Renk skalasıyla birlikte verilen küçük dinleme önerileri de öykülerle bağdaşık şarkılar... Metne yayılan kafiyeli cümlelere, hikâyenin ritmine başka bir perspektif katmak için... Dilin, üslubun yer yer öne geçtiği uğraştırıcı bir yazım süreciydi Amenna Bulvarı’nın getirdiği. Roman, bir şarkıda olduğu gibi nakaratta tekrar eden duygulardan, aşklardan besleniyor. Bölüm başlarında belirtilen şarkılar, romanı yazarken bana değdiği kadar okuyucuya da dokunsun istedim.

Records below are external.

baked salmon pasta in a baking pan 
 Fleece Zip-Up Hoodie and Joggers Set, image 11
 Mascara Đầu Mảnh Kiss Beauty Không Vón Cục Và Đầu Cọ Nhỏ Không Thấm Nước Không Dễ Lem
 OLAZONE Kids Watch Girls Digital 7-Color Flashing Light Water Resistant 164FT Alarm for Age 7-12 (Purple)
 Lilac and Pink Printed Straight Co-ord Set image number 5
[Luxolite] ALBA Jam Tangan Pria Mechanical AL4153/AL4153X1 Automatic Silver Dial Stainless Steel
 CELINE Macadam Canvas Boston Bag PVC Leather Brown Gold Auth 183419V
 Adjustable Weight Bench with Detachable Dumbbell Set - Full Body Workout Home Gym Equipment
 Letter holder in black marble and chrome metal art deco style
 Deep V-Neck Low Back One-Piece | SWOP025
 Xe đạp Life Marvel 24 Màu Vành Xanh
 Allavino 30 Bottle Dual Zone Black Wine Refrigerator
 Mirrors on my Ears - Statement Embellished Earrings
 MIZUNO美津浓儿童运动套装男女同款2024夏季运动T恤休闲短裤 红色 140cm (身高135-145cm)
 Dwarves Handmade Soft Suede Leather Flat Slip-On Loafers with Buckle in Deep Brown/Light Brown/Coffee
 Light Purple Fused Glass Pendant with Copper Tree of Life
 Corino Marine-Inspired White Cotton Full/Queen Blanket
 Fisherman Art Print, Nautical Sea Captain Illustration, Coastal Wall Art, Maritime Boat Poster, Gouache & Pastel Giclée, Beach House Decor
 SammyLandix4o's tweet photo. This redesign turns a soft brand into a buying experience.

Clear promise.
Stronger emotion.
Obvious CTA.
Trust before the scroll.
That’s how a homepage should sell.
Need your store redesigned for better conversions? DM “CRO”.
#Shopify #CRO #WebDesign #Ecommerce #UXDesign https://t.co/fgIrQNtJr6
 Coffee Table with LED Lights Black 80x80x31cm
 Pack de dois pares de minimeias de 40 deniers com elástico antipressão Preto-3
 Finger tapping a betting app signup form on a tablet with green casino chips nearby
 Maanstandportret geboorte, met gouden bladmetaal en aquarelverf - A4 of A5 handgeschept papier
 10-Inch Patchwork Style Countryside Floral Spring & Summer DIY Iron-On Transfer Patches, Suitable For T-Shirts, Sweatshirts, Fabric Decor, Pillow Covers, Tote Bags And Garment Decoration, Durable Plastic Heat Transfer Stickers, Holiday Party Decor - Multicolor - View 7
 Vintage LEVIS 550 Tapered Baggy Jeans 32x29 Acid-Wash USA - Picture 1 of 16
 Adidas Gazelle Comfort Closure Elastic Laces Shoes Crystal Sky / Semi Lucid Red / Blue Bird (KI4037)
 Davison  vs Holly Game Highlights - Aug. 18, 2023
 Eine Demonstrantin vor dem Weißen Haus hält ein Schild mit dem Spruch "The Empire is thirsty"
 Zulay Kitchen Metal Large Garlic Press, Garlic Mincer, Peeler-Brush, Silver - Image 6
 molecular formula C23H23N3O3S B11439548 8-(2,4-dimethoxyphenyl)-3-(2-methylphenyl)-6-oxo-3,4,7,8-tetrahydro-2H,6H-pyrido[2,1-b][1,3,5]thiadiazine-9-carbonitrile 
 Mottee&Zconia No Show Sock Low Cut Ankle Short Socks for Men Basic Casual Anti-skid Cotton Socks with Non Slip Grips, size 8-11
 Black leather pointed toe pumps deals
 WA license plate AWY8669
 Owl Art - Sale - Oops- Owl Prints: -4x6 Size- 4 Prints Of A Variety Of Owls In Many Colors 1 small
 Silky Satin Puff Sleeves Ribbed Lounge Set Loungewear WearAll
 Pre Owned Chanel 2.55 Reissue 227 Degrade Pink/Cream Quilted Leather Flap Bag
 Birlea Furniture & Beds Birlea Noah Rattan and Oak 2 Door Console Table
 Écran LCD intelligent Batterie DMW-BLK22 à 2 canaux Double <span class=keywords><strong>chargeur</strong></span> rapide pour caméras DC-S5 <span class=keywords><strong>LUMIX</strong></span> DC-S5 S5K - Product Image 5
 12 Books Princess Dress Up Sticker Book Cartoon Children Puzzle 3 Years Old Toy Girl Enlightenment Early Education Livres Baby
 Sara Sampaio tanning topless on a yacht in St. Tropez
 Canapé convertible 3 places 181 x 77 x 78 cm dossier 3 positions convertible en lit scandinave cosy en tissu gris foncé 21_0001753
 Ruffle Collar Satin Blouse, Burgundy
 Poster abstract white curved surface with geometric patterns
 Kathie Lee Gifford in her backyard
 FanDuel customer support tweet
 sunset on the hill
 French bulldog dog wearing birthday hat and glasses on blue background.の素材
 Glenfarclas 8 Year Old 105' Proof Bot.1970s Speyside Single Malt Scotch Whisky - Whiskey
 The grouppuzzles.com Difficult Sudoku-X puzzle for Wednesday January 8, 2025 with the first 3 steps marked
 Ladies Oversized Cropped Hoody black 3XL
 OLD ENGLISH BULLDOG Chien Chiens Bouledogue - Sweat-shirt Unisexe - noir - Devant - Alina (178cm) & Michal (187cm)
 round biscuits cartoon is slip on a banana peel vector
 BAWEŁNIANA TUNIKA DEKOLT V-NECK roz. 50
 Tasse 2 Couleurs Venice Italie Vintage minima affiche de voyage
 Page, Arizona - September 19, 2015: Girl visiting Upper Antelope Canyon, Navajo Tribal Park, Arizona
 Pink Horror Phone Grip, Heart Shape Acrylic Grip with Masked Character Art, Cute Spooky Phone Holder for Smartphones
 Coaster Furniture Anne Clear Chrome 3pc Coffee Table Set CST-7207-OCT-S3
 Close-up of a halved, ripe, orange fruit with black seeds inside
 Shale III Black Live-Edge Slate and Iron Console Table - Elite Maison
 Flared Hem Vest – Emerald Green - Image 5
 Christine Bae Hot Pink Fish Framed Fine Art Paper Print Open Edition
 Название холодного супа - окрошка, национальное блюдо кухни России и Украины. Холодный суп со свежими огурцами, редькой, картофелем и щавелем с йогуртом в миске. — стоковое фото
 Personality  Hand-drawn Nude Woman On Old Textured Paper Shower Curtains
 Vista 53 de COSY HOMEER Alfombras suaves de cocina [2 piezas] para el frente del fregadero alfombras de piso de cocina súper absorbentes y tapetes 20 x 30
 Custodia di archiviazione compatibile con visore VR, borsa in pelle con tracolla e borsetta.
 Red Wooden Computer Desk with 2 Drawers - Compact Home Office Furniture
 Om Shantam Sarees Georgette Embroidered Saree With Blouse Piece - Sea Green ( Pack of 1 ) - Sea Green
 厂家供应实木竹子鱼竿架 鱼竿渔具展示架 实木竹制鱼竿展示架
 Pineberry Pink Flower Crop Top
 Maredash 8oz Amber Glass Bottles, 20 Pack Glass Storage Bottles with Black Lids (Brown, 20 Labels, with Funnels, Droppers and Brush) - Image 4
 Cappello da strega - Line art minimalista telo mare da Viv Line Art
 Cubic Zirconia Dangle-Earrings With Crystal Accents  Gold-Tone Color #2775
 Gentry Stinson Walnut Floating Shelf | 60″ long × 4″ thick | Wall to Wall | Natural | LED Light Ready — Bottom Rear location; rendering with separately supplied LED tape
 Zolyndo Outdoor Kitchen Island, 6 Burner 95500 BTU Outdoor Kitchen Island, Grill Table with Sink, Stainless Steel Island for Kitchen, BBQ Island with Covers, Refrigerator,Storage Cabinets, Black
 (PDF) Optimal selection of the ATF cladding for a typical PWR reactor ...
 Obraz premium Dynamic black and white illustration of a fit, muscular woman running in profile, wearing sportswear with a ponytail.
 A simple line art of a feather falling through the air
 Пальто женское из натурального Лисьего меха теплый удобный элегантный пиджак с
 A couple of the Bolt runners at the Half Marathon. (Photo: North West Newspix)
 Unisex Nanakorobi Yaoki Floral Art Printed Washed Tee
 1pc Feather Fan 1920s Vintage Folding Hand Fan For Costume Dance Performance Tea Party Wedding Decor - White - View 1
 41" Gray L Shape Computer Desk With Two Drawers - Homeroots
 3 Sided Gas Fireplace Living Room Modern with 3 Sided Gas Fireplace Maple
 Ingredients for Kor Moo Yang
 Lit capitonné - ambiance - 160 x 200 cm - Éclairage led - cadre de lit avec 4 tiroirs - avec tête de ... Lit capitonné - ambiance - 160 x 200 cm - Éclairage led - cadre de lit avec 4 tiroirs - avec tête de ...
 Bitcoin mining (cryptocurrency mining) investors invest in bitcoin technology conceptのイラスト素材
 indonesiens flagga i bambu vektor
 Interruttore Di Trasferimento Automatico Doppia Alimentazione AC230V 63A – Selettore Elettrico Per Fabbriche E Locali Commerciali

‘DİL VE MERAM, EL VE ELDİVEN GİBİ’

- Memleketten bu insan manzaraları size daha neler yazdıracaktır?

- Dert ve meram yazmaya girişince bir el ve eldiven gibi iç içe oturmalı gibi geliyor bana. Bazen ne söylediğin, bazen nasıl söylediğin... Ama hep ötekilerin tarafından aynı potada... İç içe geçen öykülerle içeriden katmanlandığı gibi, dışarıdan da katmanlanan, birbirleriyle örülmüş, yoğurulmuş metinler hayalindeyim.

İlk Cinayeti Şiir İşledi (2014 - Venedik Yayınları) adlı şiir kitabımda, bu romandaki karakterler, mekânlar, gizli, baskın göndermelerle, Amenna Bulvarı’nın bir parçası şimdi... Tiyatro oyunum Kraliçe Gece (2017 - Mitos Boyut), bu romanda bir figüran gibi birkaç paragrafta görünüp kayboluyor.

Teğet geçerek, içinden geçerek, zaman zaman delip geçerek ilmeklenen yazım örgülerinden hoşlanıyorum. Yalnızca romanla değil, şiirler, şarkı sözleri, tiyatro oyunları, belki bir gün senaryolarla... Umut ederim ki bu çok parçalı yapboz, kendini bütünler, okuyanda, dinleyende, izleyende bir değer bulur…

Amenna Bulvarı / Ata Tuncer / Delidolu Yayınları / 320 s.